I just made $100 from people paying me not to get naked at the party... I need those P90X dvds
How the fuck did I get small bruises all over my body?
Well you were laying on the couch naked after the girls left, staring into space, and I went over to the pool table and threw every ball as hard as I could at you from point blank range . You didn't flinch, blink, or scream for any of them. next time maybe you won't fuck my girl while I'm taking a shit
My dermatologist just asked me, "what happened here?" referring to the bruising on my nipples. I told her I walked into a door. Thanks for that awkward moment.
Nope we're in the ER. He lit himself on fire trying to impress another girl with magic tricks.
plus shes a stripper, ive been with strippers, if you fuck this up your penis will never forgive you
I would say I am sorry for punching you last night, but I found the pictures you took on my camera and it all came rushing back.
Did you know there's no emoticon to really tell you that I just consumed a magic brownie?
Sorry about waking up naked in your bed this morning.

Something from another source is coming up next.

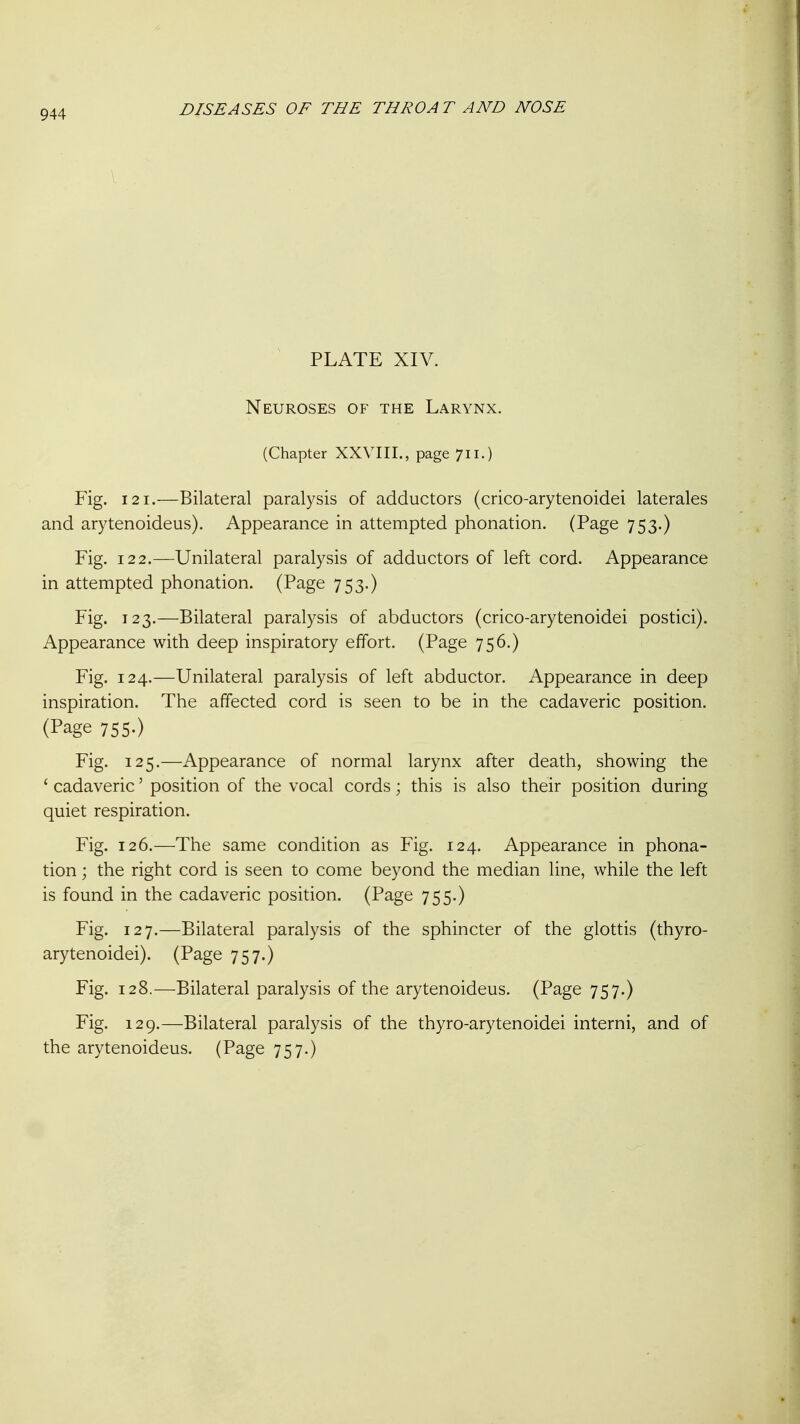 PLATE XIV. Neuroses of the Larynx. (Chapter XXVIII., page 711.) Fig. 121.—Bilateral paralysis of adductors (crico-arytenoidei laterales and arytenoideus). Appearance in attempted phonation. (Page 753.) Fig. 122.—Unilateral paralysis of adductors of left cord. Appearance in attempted phonation. (Page 753.) Fig. 123.—Bilateral paralysis of abductors (crico-arytenoidei postici). Appearance with deep inspiratory effort. (Page 756.) Fig. 124.—Unilateral paralysis of left abductor. Appearance in deep inspiration. The affected cord is seen to be in the cadaveric position. (Page 755.) Fig. 125.—Appearance of normal larynx after death, showing the ' cadaveric' position of the vocal cords; this is also their position during quiet respiration. Fig. 126.—The same condition as Fig. 124. Appearance in phona- tion ; the right cord is seen to come beyond the median line, while the left is found in the cadaveric position. (Page 755.) Fig. 127.—Bilateral paralysis of the sphincter of the glottis (thyro- arytenoidei). (Page 757.) Fig. 128.—Bilateral paralysis of the arytenoideus. (Page 757.) Fig. 129.—Bilateral paralysis of the thyro-arytenoidei interni, and of the arytenoideus. (Page 757.)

You know I'm having a rough day when I'm curled up in the corner eating Spaghettios.
Yes but funny for a 45 year old hell bent on reliving her college days by giving body shots and hand jobs. Not necessarily in that order
Happy 4th. Did you guys get your syphilis thing taken care of?
Well I shit myself on the way home from work today so there's that...
just passed my midterm while getting a blow job. i love going to school online
Nobody likes ball hair. Not even gay dudes
Just had an orgasim to the Star Spangled Banner so.. it was all worth it.